● **Information shown**:
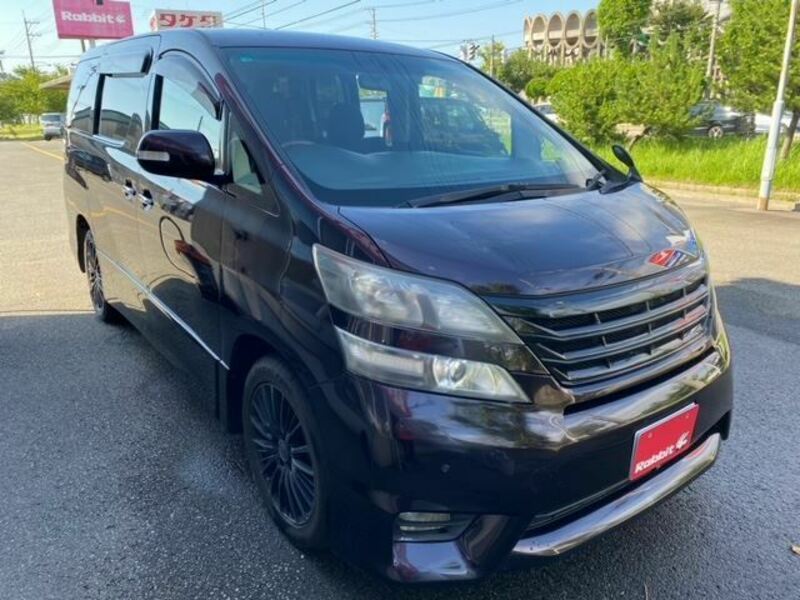 TOYOTA　VELLFIRE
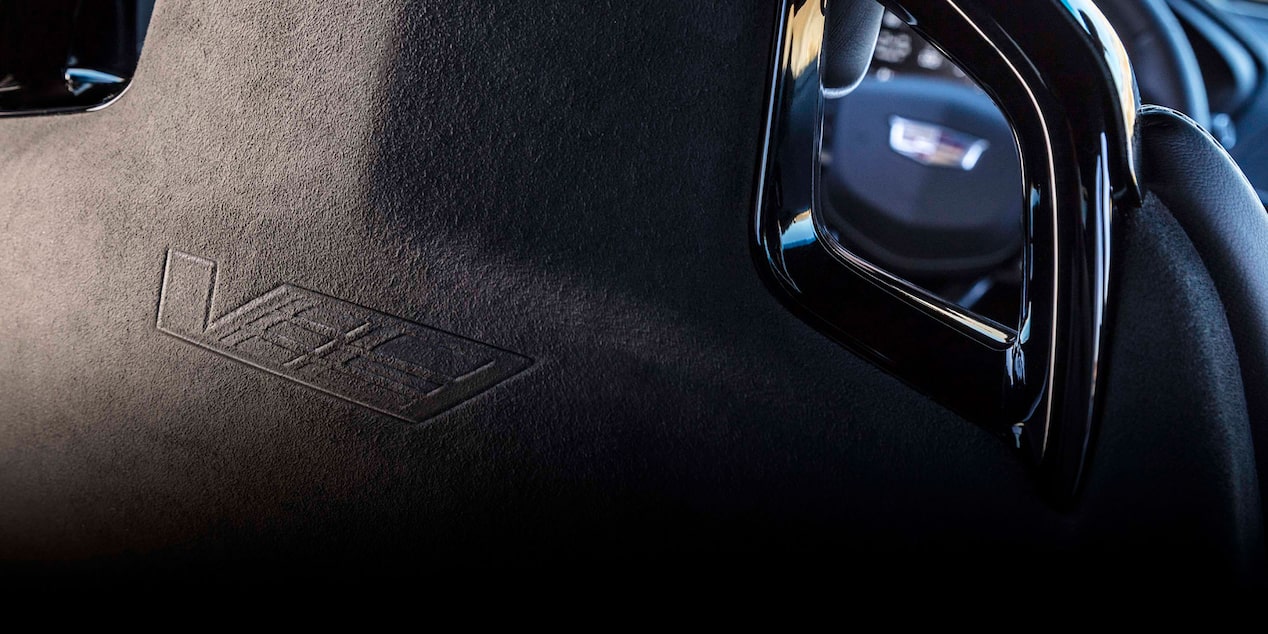 Garnitures intérieures en microfibre suédée de la Cadillac CT5-V 2024.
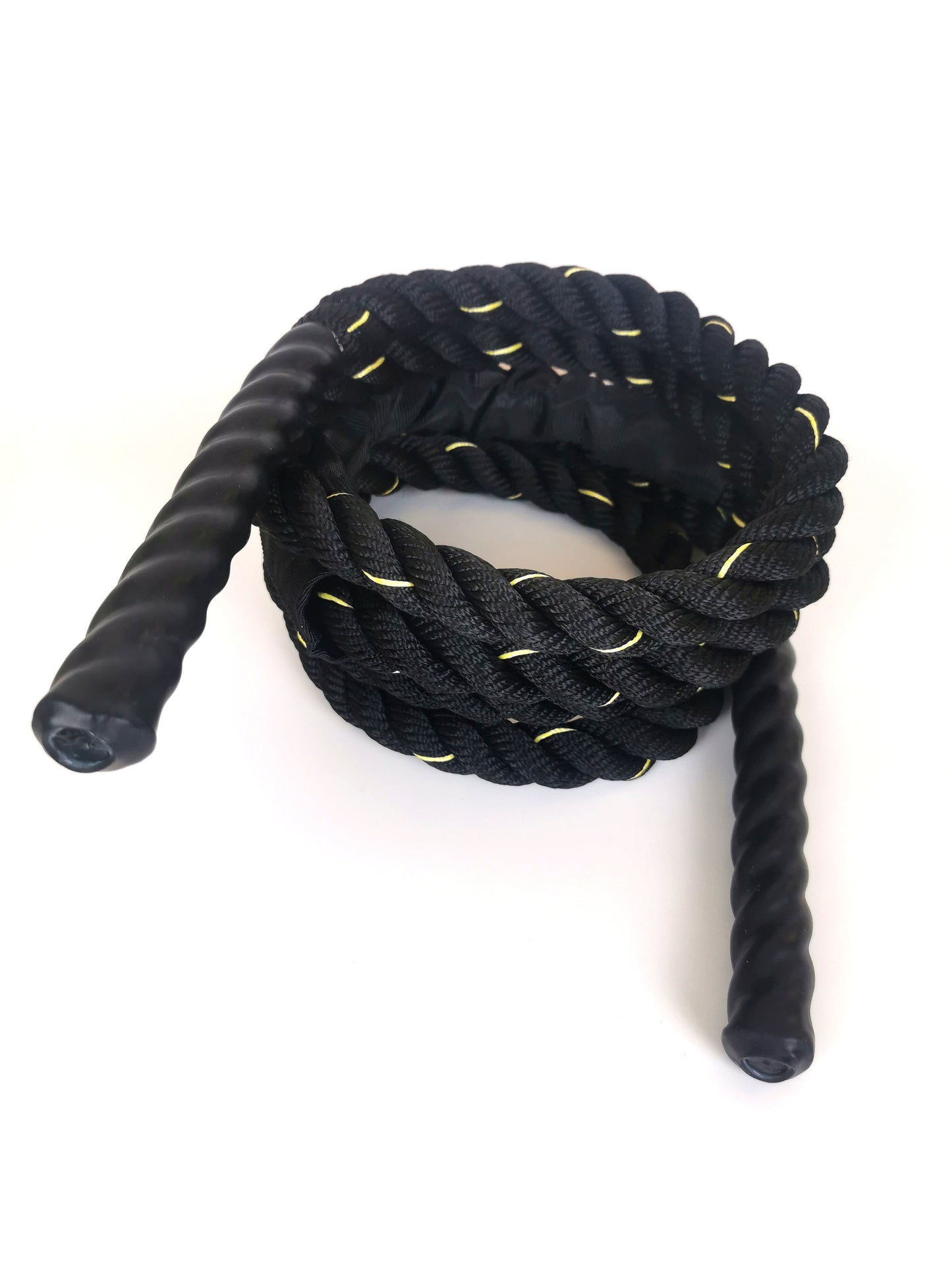 Tungt och tjockt hopprep - För styrka och konditionsträning. Bild på ett tjockt och tungt hopprep, likt battle rope, idealiskt för helkroppsträning. Perfekt för dig som vill kombinera konditionsträning med muskelbyggande övningar. Hopprepet är slitstarkt och har förstärkta handtag för hårda träningspass.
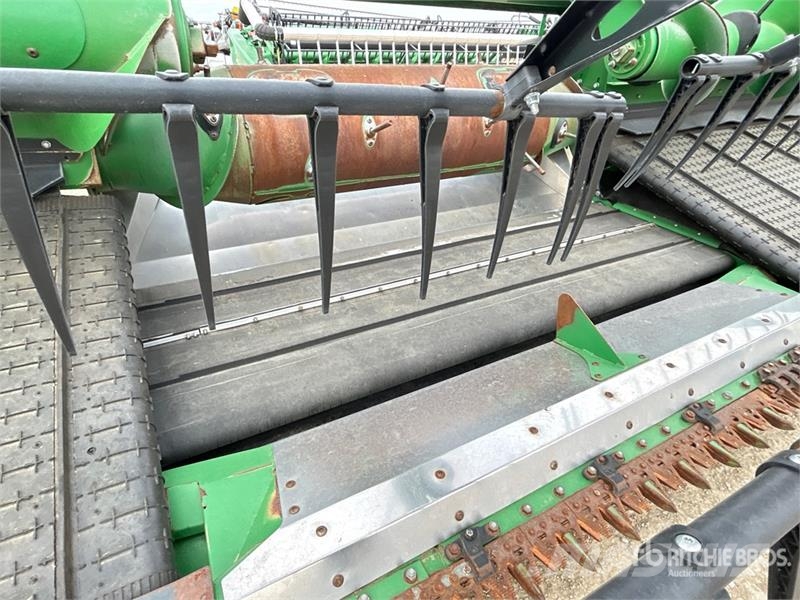 John Deere HD45F 45 ft Hinged Flex Draper Combine Header Skjærebord til skurtresker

● **The task**:
Could you print the whole listing again, exactly, leaving the pictures out?

● **Answer below**:
 TOYOTA　VELLFIRE
 Garnitures intérieures en microfibre suédée de la Cadillac CT5-V 2024.
 Tungt och tjockt hopprep - För styrka och konditionsträning. Bild på ett tjockt och tungt hopprep, likt battle rope, idealiskt för helkroppsträning. Perfekt för dig som vill kombinera konditionsträning med muskelbyggande övningar. Hopprepet är slitstarkt och har förstärkta handtag för hårda träningspass.
 John Deere HD45F 45 ft Hinged Flex Draper Combine Header Skjærebord til skurtresker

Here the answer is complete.